-- GIVEN RECORDS follows --

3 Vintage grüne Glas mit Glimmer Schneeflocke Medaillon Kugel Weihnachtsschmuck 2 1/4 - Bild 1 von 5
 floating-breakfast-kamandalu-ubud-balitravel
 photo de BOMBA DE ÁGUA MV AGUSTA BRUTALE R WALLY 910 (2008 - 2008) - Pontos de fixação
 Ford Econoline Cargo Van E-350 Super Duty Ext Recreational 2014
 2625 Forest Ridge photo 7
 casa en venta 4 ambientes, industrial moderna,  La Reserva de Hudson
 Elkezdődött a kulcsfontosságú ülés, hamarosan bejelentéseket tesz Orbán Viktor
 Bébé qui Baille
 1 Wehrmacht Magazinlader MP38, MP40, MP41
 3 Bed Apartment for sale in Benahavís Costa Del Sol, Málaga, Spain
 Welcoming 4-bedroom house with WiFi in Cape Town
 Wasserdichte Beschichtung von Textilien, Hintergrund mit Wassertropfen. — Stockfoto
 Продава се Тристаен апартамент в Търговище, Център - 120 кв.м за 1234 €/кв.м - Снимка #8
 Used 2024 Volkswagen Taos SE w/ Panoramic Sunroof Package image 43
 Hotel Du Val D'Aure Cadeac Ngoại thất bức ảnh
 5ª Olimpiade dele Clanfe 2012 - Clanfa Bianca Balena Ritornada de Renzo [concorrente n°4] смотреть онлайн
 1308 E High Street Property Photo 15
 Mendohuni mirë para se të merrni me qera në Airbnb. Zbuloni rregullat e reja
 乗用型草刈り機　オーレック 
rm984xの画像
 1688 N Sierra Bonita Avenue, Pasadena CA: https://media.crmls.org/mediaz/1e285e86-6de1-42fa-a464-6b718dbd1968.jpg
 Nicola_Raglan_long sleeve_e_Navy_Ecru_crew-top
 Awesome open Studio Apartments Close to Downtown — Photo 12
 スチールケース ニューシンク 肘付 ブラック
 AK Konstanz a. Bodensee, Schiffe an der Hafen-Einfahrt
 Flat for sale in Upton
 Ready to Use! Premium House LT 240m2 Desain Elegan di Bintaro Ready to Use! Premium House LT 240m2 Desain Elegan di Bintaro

-- GIVEN RECORDS concluded --

TASK DESCRIPTION >> For each line above that holds the string "sale", provide a copy of that line.

RESPONSE TO THIS TASK >>
 3 Bed Apartment for sale in Benahavís Costa Del Sol, Málaga, Spain
 Flat for sale in Upton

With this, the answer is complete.